Caption-style text data
◇ ◇ ◇
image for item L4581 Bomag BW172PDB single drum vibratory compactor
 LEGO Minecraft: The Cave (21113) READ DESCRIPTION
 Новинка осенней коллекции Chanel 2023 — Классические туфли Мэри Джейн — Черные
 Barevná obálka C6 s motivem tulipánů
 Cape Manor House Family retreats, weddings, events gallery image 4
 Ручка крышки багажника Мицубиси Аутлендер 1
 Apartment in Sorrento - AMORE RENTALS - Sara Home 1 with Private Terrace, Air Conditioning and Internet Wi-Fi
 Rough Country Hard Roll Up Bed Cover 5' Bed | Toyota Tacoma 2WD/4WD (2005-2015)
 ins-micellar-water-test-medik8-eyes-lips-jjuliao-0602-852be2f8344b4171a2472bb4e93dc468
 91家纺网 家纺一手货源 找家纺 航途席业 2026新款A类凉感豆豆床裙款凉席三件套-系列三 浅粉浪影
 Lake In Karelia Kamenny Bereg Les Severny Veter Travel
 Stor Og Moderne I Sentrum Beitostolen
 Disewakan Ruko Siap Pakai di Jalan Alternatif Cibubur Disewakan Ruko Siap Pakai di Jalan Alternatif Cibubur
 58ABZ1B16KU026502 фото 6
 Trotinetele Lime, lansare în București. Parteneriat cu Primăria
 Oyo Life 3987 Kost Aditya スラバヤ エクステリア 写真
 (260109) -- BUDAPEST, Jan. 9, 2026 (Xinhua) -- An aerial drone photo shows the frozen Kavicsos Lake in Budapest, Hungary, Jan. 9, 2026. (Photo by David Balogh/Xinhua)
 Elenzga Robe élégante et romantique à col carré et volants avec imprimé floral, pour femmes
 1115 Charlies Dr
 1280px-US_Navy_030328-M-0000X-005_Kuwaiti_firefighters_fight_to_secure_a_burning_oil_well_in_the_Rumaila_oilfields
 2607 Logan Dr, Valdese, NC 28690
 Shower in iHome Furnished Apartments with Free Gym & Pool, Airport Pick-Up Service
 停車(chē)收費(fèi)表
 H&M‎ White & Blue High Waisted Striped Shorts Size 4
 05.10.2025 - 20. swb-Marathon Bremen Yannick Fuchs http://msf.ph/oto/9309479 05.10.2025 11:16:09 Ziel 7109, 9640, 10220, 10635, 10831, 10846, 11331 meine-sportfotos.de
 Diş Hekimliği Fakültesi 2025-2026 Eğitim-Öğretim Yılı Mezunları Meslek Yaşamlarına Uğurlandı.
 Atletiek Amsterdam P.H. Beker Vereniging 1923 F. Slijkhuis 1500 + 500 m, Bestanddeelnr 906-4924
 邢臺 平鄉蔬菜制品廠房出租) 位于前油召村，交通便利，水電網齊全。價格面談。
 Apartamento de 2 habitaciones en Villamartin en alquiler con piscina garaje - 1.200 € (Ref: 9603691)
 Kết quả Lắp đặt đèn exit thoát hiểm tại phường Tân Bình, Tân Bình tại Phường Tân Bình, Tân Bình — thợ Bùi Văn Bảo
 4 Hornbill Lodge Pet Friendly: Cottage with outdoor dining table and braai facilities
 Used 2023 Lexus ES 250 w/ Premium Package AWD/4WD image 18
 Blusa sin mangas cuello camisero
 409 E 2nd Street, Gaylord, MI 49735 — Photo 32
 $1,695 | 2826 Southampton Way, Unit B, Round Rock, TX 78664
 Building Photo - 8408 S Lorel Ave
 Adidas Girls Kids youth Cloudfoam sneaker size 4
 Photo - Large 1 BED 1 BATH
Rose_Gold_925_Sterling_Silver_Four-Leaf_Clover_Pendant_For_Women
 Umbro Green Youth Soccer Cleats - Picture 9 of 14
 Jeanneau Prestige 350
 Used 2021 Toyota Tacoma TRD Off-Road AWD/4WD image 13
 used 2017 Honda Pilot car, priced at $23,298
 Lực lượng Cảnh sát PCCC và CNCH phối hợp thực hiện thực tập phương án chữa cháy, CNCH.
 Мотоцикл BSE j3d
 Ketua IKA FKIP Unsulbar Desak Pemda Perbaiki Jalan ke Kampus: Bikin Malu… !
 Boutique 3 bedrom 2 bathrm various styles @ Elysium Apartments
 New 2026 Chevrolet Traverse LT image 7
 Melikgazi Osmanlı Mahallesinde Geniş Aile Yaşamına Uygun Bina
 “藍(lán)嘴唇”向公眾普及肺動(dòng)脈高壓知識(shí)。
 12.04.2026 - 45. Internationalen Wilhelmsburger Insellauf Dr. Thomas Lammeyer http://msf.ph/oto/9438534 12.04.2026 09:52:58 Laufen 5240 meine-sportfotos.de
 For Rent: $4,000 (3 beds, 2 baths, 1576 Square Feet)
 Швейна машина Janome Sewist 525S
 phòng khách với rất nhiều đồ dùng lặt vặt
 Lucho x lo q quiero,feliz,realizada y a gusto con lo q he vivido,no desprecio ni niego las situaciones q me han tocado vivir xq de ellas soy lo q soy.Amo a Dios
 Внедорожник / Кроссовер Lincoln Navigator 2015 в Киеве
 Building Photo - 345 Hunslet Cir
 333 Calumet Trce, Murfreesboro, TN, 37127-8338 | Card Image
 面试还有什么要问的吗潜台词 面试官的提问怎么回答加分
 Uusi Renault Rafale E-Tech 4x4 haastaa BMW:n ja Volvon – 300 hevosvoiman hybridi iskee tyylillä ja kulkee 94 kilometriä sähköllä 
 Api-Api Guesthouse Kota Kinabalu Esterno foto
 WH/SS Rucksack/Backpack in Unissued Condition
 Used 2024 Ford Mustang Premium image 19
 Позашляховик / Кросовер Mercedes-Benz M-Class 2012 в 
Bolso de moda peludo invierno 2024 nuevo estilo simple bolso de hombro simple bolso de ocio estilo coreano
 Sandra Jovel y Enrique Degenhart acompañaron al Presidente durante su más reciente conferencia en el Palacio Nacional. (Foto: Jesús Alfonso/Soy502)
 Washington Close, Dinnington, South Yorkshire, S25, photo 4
◇ ◇ ◇
Repeat, exactly as they stand above, the lines from the line with "Boutique 3 bedrom" to the line with "Uusi Renault Rafale", both lines included.

*Reply:*
 Boutique 3 bedrom 2 bathrm various styles @ Elysium Apartments
 New 2026 Chevrolet Traverse LT image 7
 Melikgazi Osmanlı Mahallesinde Geniş Aile Yaşamına Uygun Bina
 “藍(lán)嘴唇”向公眾普及肺動(dòng)脈高壓知識(shí)。
 12.04.2026 - 45. Internationalen Wilhelmsburger Insellauf Dr. Thomas Lammeyer http://msf.ph/oto/9438534 12.04.2026 09:52:58 Laufen 5240 meine-sportfotos.de
 For Rent: $4,000 (3 beds, 2 baths, 1576 Square Feet)
 Швейна машина Janome Sewist 525S
 phòng khách với rất nhiều đồ dùng lặt vặt
 Lucho x lo q quiero,feliz,realizada y a gusto con lo q he vivido,no desprecio ni niego las situaciones q me han tocado vivir xq de ellas soy lo q soy.Amo a Dios
 Внедорожник / Кроссовер Lincoln Navigator 2015 в Киеве
 Building Photo - 345 Hunslet Cir
 333 Calumet Trce, Murfreesboro, TN, 37127-8338 | Card Image
 面试还有什么要问的吗潜台词 面试官的提问怎么回答加分
 Uusi Renault Rafale E-Tech 4x4 haastaa BMW:n ja Volvon – 300 hevosvoiman hybridi iskee tyylillä ja kulkee 94 kilometriä sähköllä 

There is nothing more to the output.